How the Crisis Unfolded
The ADC’s leadership crisis traces to the exit of Ralph Nwosu, the party’s founder and former national chairman. Nafiu Bala, a former vice-chairman of the party, argued that he never resigned his position and that the party’s constitution entitled him to assume leadership upon Nwosu’s departure.

He declared himself acting national chairman and filed suit at the Federal High Court in September 2025, seeking to stop the Mark-led executives from parading themselves as national officers and compelling INEC to recognise his own faction.
The Federal High Court did not grant an injunction. It merely ordered the respondents, including INEC, to be put on notice to show cause why Bala’s motion should not be granted. Mark, dissatisfied even with that interlocutory step, filed an appeal at the Court of Appeal challenging the Federal High Court’s jurisdiction to continue hearing the suit at all.
The appellate court dismissed that appeal in its entirety on March 12, 2026, finding it procedurally incompetent.
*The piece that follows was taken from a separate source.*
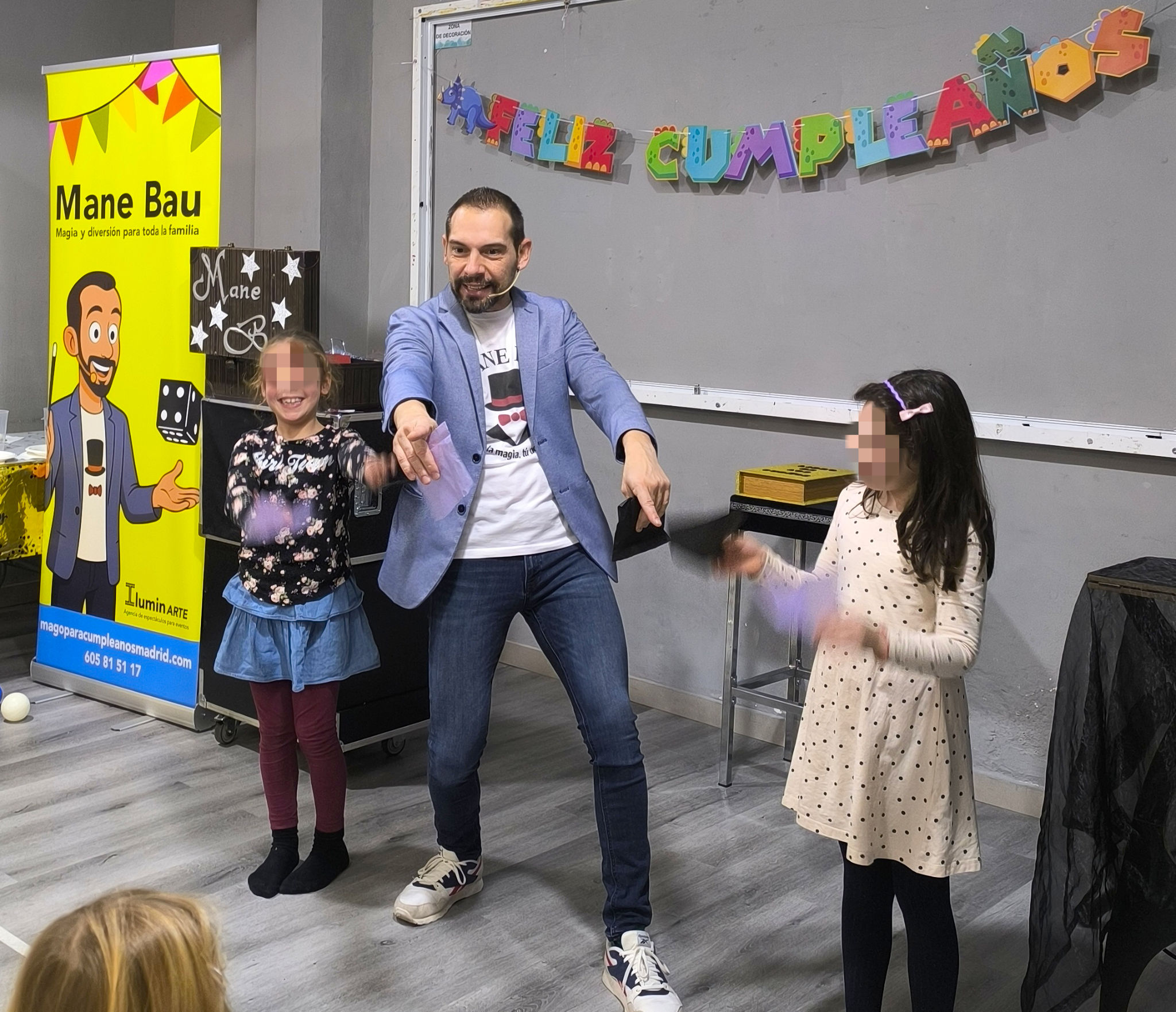 Mago Mane Bau con otras dos niñas en el escenario haciendo un juego de magia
Mark had relied on an enrolled order rather than the actual judicial proceedings, had failed to seek the required leave before approaching the appellate court on an interlocutory matter, and had raised jurisdiction arguments that were still properly before the trial court.
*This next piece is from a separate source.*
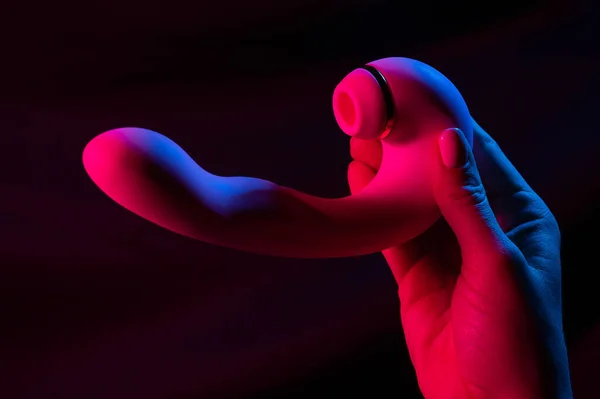 stock image Woman holding a vibrator in neon pink and blue light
Having dismissed the appeal, the Court of Appeal went further, directing parties to maintain the “status quo ante bellum” and ordering accelerated hearing of the substantive suit.
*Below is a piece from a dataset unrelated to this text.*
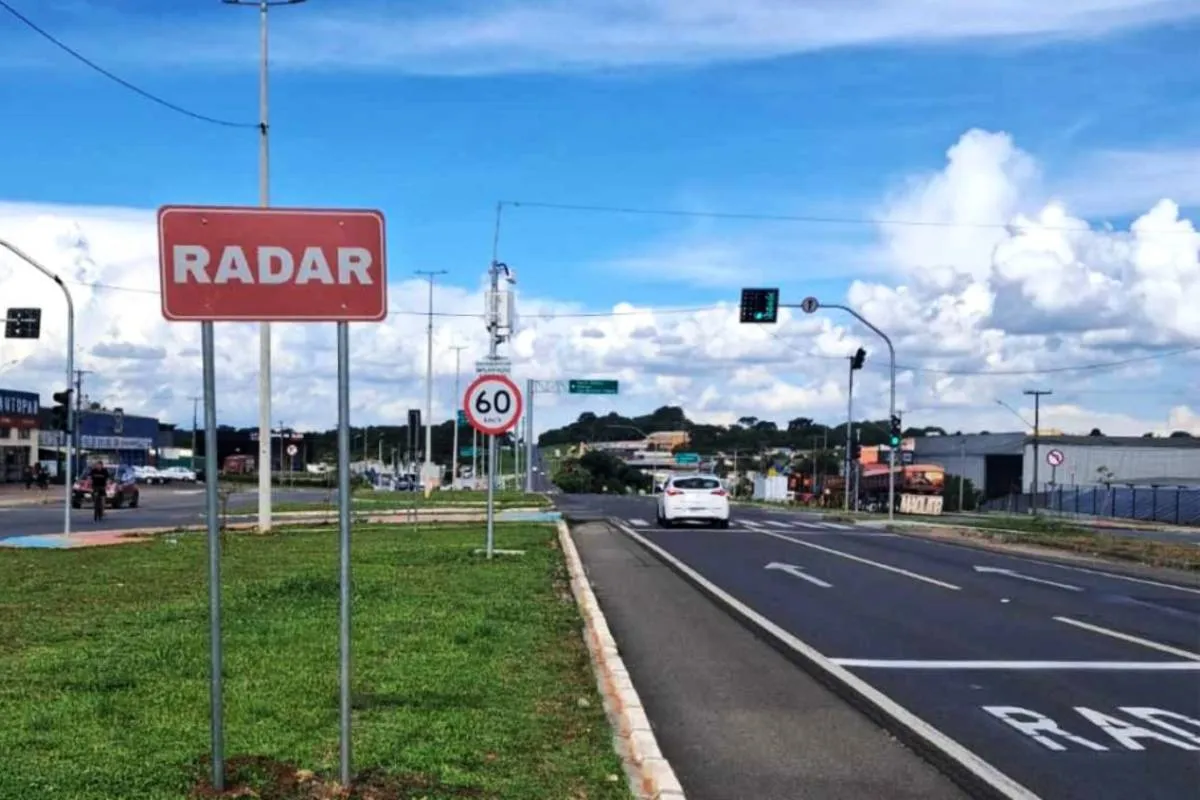 Imagem mostra uma rua com uma placa de radar ao centro.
It was that status quo order — issued after the appellate court had already dismissed the appeal before it — that the Supreme Court has now nullified.
INEC’s Argument No Longer Has a Leg to Stand On
The Court of Appeal’s status quo order handed INEC a legal peg on which to hang a consequential decision.
On April 1, 2026, the commission announced that it would no longer recognise any faction of the ADC — neither the Mark-led executives nor the Bala-led claimants — and would refrain from engaging with either group or monitoring their activities, including meetings, congresses, and conventions. INEC positioned this as a neutral reading of the appellate court’s order to preserve the status quo: since no leadership had been judicially validated, the commission would deal with neither.

That reasoning has now been dismantled at its foundation.
The Supreme Court was unambiguous. Issuing a status quo order in an appeal it had already dismissed was, in the words of Justice Garba, “unnecessary, unwarranted and improper.” The order was nullified. And with it, the only judicial basis for INEC’s derecognition collapses.
Here is the critical point: no court has ordered INEC to stop recognising the Mark-led executive. No injunction exists against them. No restraining order has been granted. The Federal High Court, when Bala’s suit was first heard in September 2025, declined to issue such an order, it only asked parties to appear. INEC’s decision to suspend recognition of the Mark leadership was not compelled by any court. It was a unilateral administrative decision, dressed in the language of judicial compliance, that has now lost even that pretence of legal cover.
As it stands, the Mark-led executive retains its position as the last recognised leadership of the ADC. The burden has shifted, sharply, to INEC to justify continued non-recognition, and that justification no longer exists.

What Comes Next
All parties are directed to return to the Federal High Court before Justice Emeka Nwite, where the substantive suit, marked FHC/ABJ/CS/1819/2025, will now proceed. The core questions remain unresolved: whether Bala legitimately assumed leadership upon Nwosu’s exit, and what INEC’s obligations are pending a final determination.
FURTHER READING
But the immediate pressure is not on the parties. It is on INEC. The commission must now either reverse its derecognition of the Mark leadership or defend a position for which it no longer has judicial backing. For an opposition party trying to position itself as a coalition vehicle ahead of 2027, that clarification cannot come soon enough.